Although many audio signal processing techniques, developed for a wide range of applications such as denoising, source separation or time/pitch-scale modification, operate in the time-frequency power or magnitude domain, discarding the phase information is not without raising important issues. First, if resynthesis of a time-domain signal is necessary, phase needs to be estimated in such a way that it is coherent with the magnitude. Second, additivity of signals is not true anymore, as the cross-terms in the power of a sum are in general not equal to zero. Third, although modeling the phase is often considered an intricate problem, phase may still contain relevant information to exploit, for example in electronic music and to some extent for some instruments such as piano and percussive instruments, where the waveform of the same note or sound played several times is perfectly or nearly perferctly reproducible from one occurence to the other.

In this talk, I will present two frameworks to avoid or overcome these issues, one focusing on the complex time-frequency domain and the other on the time domain.
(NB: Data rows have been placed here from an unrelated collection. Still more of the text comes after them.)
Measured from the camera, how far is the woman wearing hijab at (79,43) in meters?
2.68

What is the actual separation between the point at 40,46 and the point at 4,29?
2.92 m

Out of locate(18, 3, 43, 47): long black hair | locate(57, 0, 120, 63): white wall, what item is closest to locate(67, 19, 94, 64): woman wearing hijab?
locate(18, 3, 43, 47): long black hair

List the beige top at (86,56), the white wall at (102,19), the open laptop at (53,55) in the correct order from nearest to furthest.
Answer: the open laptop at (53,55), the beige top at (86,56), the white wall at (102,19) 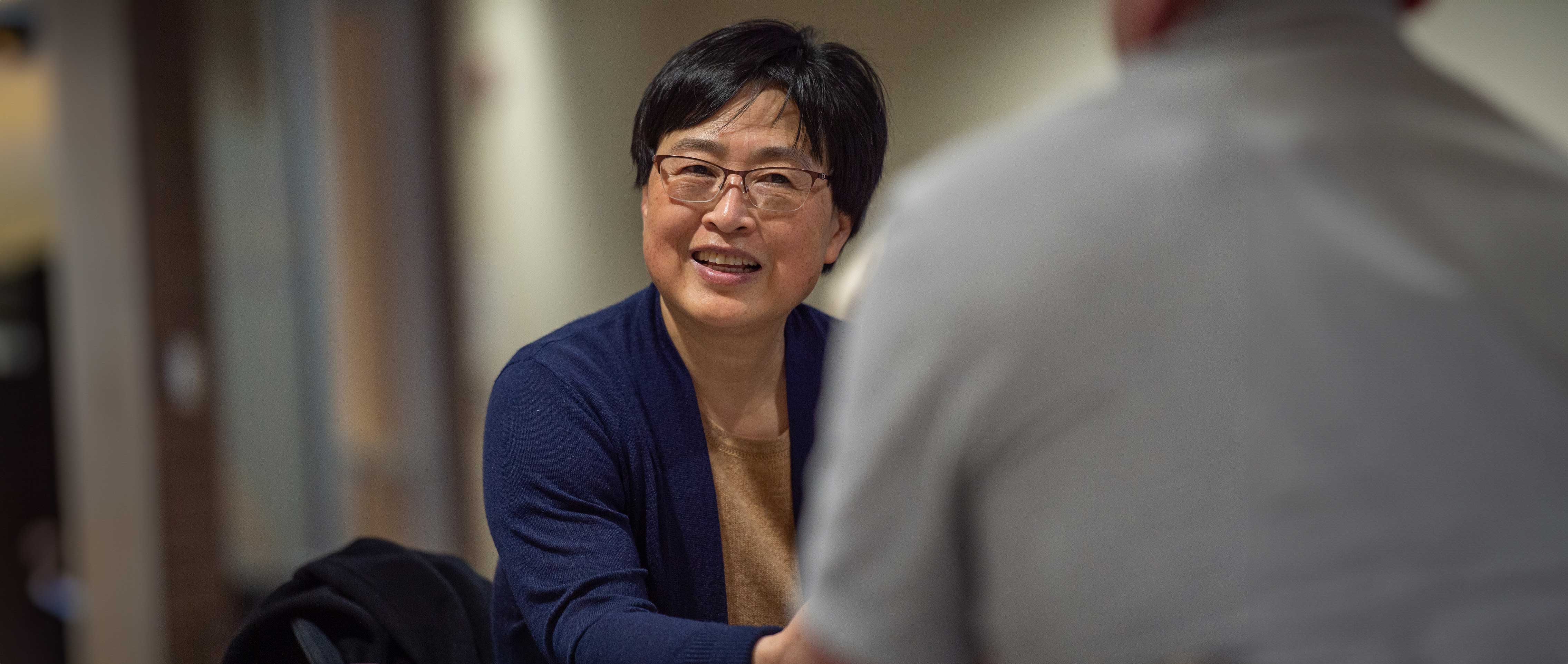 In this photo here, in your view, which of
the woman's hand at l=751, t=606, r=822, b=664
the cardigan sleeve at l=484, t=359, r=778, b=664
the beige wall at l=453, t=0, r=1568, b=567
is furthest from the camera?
the beige wall at l=453, t=0, r=1568, b=567

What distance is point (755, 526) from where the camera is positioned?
1.29 metres

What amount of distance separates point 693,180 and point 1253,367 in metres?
0.76

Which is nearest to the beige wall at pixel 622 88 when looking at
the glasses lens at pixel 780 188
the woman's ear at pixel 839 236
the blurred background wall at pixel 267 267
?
the blurred background wall at pixel 267 267

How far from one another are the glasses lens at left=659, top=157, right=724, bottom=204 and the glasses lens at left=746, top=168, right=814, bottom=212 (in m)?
0.04

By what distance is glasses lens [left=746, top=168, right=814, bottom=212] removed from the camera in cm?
124

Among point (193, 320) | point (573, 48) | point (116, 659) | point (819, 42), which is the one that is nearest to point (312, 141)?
point (193, 320)

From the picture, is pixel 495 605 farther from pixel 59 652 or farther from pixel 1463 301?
pixel 59 652

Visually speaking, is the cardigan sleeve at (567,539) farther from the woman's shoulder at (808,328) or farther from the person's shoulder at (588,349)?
the woman's shoulder at (808,328)

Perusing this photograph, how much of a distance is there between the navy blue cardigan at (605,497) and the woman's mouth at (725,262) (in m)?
0.11

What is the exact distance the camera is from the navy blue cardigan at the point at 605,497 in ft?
3.50

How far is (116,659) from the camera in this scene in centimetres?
359

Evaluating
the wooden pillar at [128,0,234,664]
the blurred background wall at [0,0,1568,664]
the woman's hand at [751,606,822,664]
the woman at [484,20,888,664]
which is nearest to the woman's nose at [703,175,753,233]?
the woman at [484,20,888,664]

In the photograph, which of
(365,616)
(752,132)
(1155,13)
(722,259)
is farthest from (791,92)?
(365,616)

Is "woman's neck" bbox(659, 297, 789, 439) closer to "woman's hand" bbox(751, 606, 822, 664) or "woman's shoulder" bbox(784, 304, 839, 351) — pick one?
"woman's shoulder" bbox(784, 304, 839, 351) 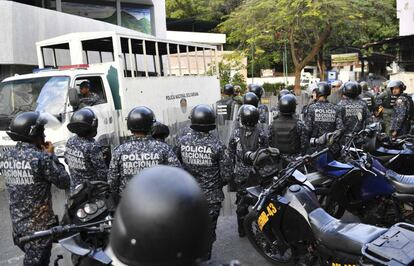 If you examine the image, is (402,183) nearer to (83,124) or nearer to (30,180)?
(83,124)

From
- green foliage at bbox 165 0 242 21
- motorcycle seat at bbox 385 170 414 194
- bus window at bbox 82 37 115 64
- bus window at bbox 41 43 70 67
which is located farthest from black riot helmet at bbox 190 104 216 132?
green foliage at bbox 165 0 242 21

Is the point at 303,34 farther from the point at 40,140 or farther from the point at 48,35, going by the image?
the point at 40,140

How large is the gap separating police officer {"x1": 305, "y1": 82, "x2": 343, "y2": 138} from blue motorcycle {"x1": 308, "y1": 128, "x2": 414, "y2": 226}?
1525mm

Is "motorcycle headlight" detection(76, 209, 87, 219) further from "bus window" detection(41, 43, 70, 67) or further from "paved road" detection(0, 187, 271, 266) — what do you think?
"bus window" detection(41, 43, 70, 67)

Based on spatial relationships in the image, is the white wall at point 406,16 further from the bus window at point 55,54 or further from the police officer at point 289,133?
the police officer at point 289,133

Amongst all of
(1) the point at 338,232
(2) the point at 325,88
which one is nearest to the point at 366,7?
(2) the point at 325,88

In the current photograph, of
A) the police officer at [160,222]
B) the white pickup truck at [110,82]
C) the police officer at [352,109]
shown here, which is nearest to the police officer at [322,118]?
the police officer at [352,109]

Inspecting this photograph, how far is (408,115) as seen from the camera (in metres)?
7.59

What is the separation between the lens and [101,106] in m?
7.66

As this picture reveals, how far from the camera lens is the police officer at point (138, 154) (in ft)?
11.5

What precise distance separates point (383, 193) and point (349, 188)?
14.4 inches

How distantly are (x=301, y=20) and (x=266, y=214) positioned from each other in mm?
17945

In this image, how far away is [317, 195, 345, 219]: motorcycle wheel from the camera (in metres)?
4.62

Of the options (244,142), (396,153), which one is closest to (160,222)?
(244,142) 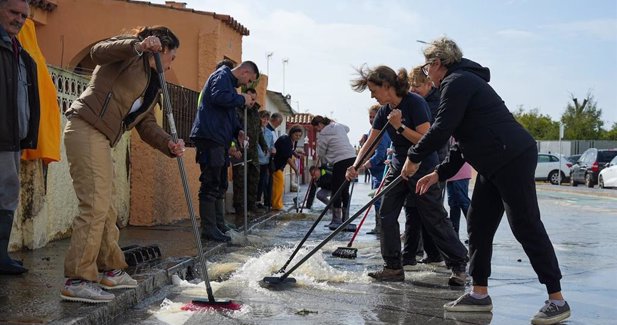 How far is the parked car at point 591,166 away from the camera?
112 ft

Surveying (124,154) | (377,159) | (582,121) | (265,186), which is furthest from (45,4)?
(582,121)

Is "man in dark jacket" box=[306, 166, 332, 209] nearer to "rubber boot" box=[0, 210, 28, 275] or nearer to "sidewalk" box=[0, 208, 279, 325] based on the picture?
"sidewalk" box=[0, 208, 279, 325]

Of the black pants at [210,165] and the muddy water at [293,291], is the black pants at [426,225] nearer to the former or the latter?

The first framework relies on the derivation of general consistency constraints for complex short-time Fourier transform spectrograms. The consistency criterion which we deduce from them can be used as a cost function in audio signal processing algorithms working in the complex time-frequency domain, or as an objective function to estimate the phase which best corresponds to a given magnitude spectrogram. The second framework, called shift-invariant semi-non-negative matrix factorization, attempts to solve the problem of template matching with unknown templates. It consists in a general model defined in the time domain, assuming that the observed waveform is the superposition of a limited number of elementary patterns, added with variable latencies and variable but positive amplitudes. The elementary patterns are learnt from the data together with the timing and amplitude of their activations. I will show preliminary results on audio data and extracellular recordings.

Speaker Details

Jonathan Le Roux received the degree in Mathematics from the Ecole Normale Supérieure, Paris, France, the M.Sc. degree in partial differential equations from the University of Paris XI, Paris, in 2001, and the M.Sc. degree in stochastic processes from the University of Paris VI, Paris, in 2003 and is currently pursuing the Ph.D. degree in the Graduate School of Computer Science, Telecommunications and Electronics of Paris, University of Paris VI, France, and in the Graduate School of Information Science and Technology, Department of Information Physics and Computing, University of Tokyo, Tokyo, Japan. His research interests include audio signal processing, speech processing, acoustical scene analysis and language acquisition modeling.